Meet a Member: Karen Ramsey

Meet Karen Ramsey, co-founder of Food Cycle KC. We sat down with Karen in September to talk about her journey to launch a curbside compost collection business alongside her husband with a focus on supporting community and local agriculture.

In 2019, Karen Ramsey was looking for a change after 20 years in a corporate career.

“I had an opportunity to take a step back and think about what I wanted to do with the rest of my career. My corporate job was challenging and exciting, but after a while, I felt like I was neglecting a side of myself – the side of me that wanted to do something serving the community,” says Ramsey.
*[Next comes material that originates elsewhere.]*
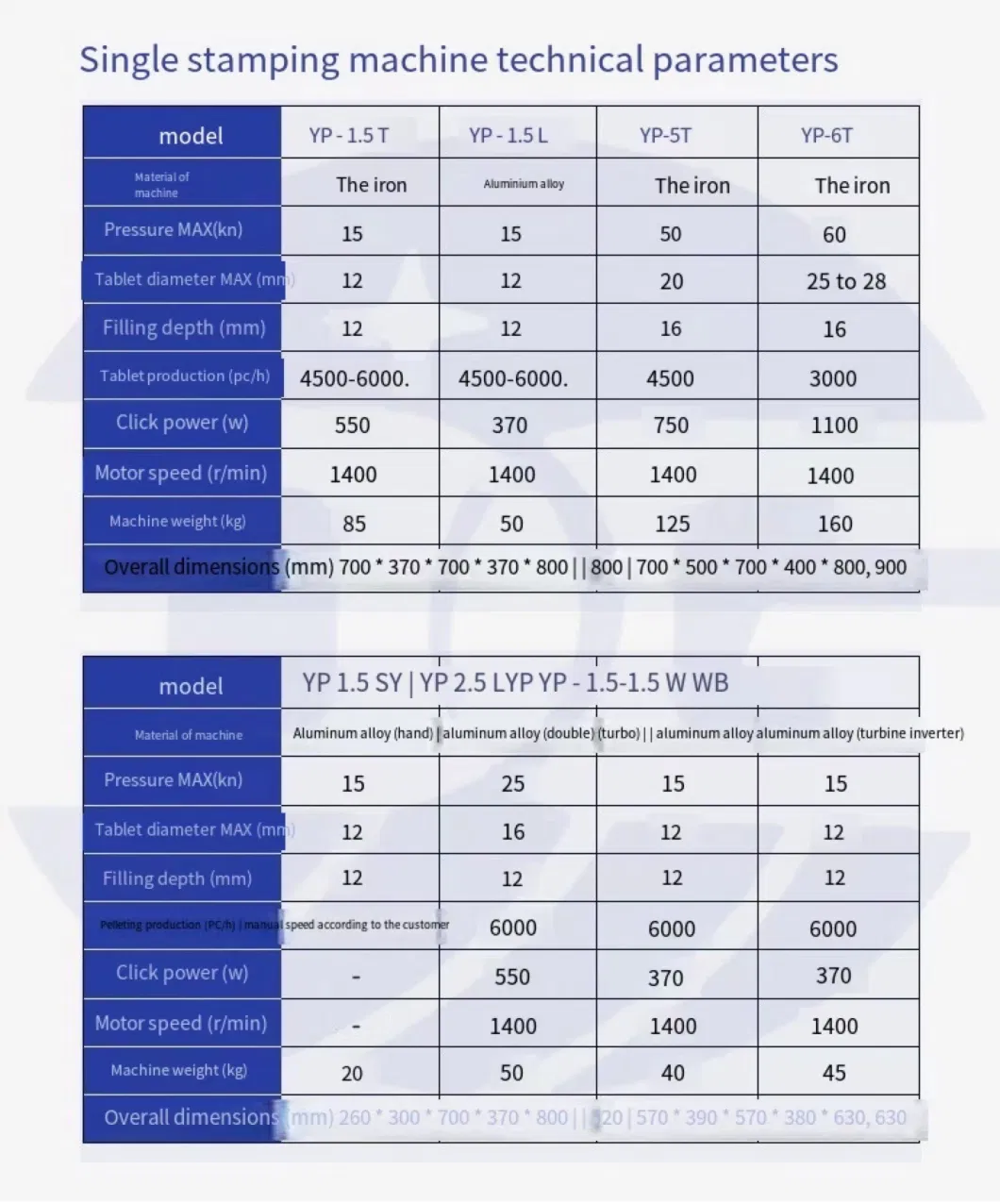 Customized Dies Tdp5 Tablet Press/Turret for Tablet Press/Tablet Die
With a passion for environmental issues, Ramsey set out to learn everything she could about the current landscape of sustainability efforts and environmentalism in Kansas City. She completed her LEED Green Associate certification, and her research ultimately led her to volunteer on the planning committee for Climate Action KC’s Climate Summit in late 2019.

It was there where the idea for Food Cycle KC, the curbside compost collection company that Ramsey has since co-founded with her husband, Alan Staples, was born.

“I invited my husband to hear the summit’s keynote speaker, which was Paul Hawken, an author and the editor of Drawdown, and Paul’s presentation was all about solutions we already have today that we can implement at a larger scale to help reduce greenhouse gases. Number three on his list was to reduce food waste. Learning that was shocking for Alan and me – a wake-up call, really. It was after that we decided we wanted to do composting and try and make even a small difference.”

Two years later, the couple has turned their desire to make a small difference into a successful business with an aim to support the food cycle full circle. Serving the Kansas side of the metropolitan area, Food Cycle KC now employs six additional part-time employees and processes all the organics and food scraps it collects from customers into compost on a farm property that Ramsey and Staples own in Eudora, Kansas. They provide a portion of the compost back to their customers for use in home gardens. The rest they provide to local community and school gardens.

“We’ve both had really rewarding experiences volunteering with community gardens in the past, and we want to make sure we’re supporting that aspect of the food cycle. We live in Johnson County where approximately 9 percent of the population experiences food insecurity. It’s something most people don’t see. Taking that food waste we collect and turning that into a resource to combat food insecurity is pretty amazing, I think.”

Ramsey says they’ve been particularly excited to connect with the Giving Garden, a community garden in their own city of Eudora, and have been working with the KC Farm School at Gibbs Road to explore opportunities for efficiently getting more compost to more local community gardens.

Their own operations are expanding as well, and Ramsey says, they are always looking for ways to further their mission of helping the environment and the community.

This past spring, they planted their first Giving Grove of fruit trees whose produce they hope to eventually donate to local food pantries.

They were also recently awarded a grant from the Kansas Department of Health and Environment to install solar power on their farm that will be used to operate a water pump. The pump will move rainwater they collect off an onsite building onto their compost pile whenever more moisture is needed. They’re also working on improvements that will allow them to reuse more water during their bucket-washing process and conserve potable water.

When asked what the single biggest challenge has been started a new business, Ramsey says it’s the same kind of thing that a lot of other small businesses deal with.

“We’re growing. We have a lot of interest, which is fantastic, but then it’s just trying to keep up with that. How quickly you grow – and being able to keep up with that – is never comfortable with any company. It’s finding that constant balance of growing while serving our current members and our community effectively.”